I’ve roasted an eggplant over open flame several times now, with great success. But what to do with a perfectly roasted eggplant once you have it? Well, here’s one idea: an alternative to the Turkish white bean salad.

Roast one medium-to-large eggplant. Let it cool while you do the rest of this. Also, start warming about a quart of water in a small saucepan.

One 15-ounce can white beans (cannellini)

Drain the beans in a strainer or colander, rinse them and let them drain again.

Prepare dressing:

One-half cup good olive oil
one-half cup red wine vinegar
two tablespoons whole-grain mustard
one large clove garlic, pressed
one-quarter teaspoon dried tarragon, crushed
salt and black pepper to taste

In a large bowl, mix all ingredients, then gently mix the drained beans with the dressing.
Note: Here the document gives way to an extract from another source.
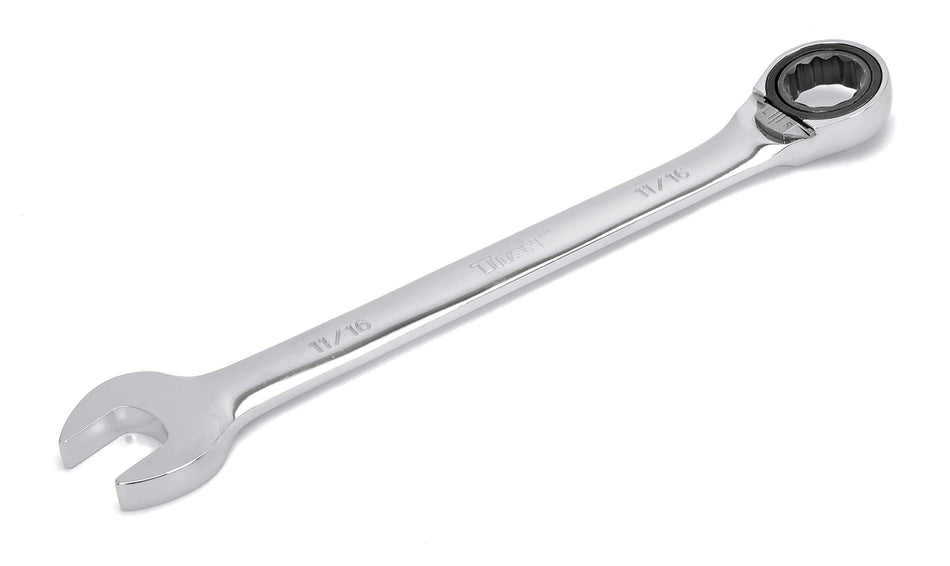 Titan 14608 11/16-Inch 12 Point 72 Tooth Reversible Ratcheting Combination Wrench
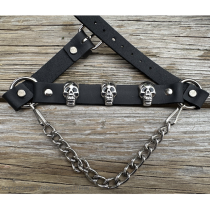 ML-BS17-SK1 Boot Strap Black Leather with Skull Conchos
Let this sit while you prepare:

Three or four medium carrots, peeled and diced

Parboil the diced carrots for three minutes, drain, add to the beans and dressing. Top, skin, and chop the eggplant, and add that. Finally, chop

Two to three roasted red or yellow peppers (from a jar, unless you feel like making your own)

Add the chopped peppers to the mixture and stir thoroughly. If you have 20 minutes to half an hour to let it sit, so much the better, but it can certainly be served immediately. Serve on romaine leaves or mixed greens.